Today, the post-Cold War world “order” is in a phase of renewed competition and rivalry between major powers, which is equally felt by medium and small states. Moreover, by sharply increasing their role in the regional and sub-regional format, medium-sized states have turned into “assisting actors” in the renewed confrontation, while small countries are looking at a wide range of ways to pave the way for the external security vector, which offers them a multitude of choices – from balancing to hedging their own interests.
Recalling a few axioms
At first glance, it seems as if the essence and dynamics of the competition and rivalry of modernity are determined mainly by two factors – military and economic – but this is only a momentary and superficial impression. In reality, the basis for the effectiveness and efficiency of both factors is determined by the stability of a country’s political and social system, its acceptance by society, fair participation in it, and equal access to existing opportunities. Otherwise, any military or economic capability, even if it has an effect over a certain period of time, gradually wears out and declines. As a result, the facture of public and social resilience is broken, a significant number of citizens become asocial and indifferent to public and national interests, the system of governance closes in on itself, and thus only accelerates the erosion of trust in it, the thread of solidarity between the state and the citizen is torn, and all this worsens the country’s position in the external arena and leads to the deterioration of its security system.

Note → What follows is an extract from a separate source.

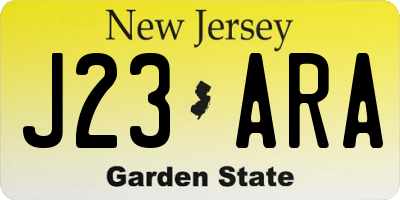 NJ license plate J23ARA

Numerous examples in today’s world clearly show that the view of international influence by the government or society of a country on the basis of the traditional and classical approach, as a mere compound of external components, is the result of an extremely narrow view and leads to (irreparable) mistakes. Certainly, the danger of external aggression, intervention and interference in the internal life of a country by foreign forces is not debatable, but we believe that harmful and destructive influences emanating from within a country are no less, if not more, dangerous than influences of the same nature from the outside. Moreover, it is endogenous factors – a sense of injustice in society, unequal distribution of public resources, selectivity based on political, social or faith grounds, or any other imbalance or inequality – that can provide fertile ground for the full realization of potential exogenous factors, tenfold and hundredfold increase the effect of virtually any plan or intention directed against the sovereignty and national interests of the country, often – turning the impossible into the possible, turning the irreversible, turning the unthinkable into a tangible given.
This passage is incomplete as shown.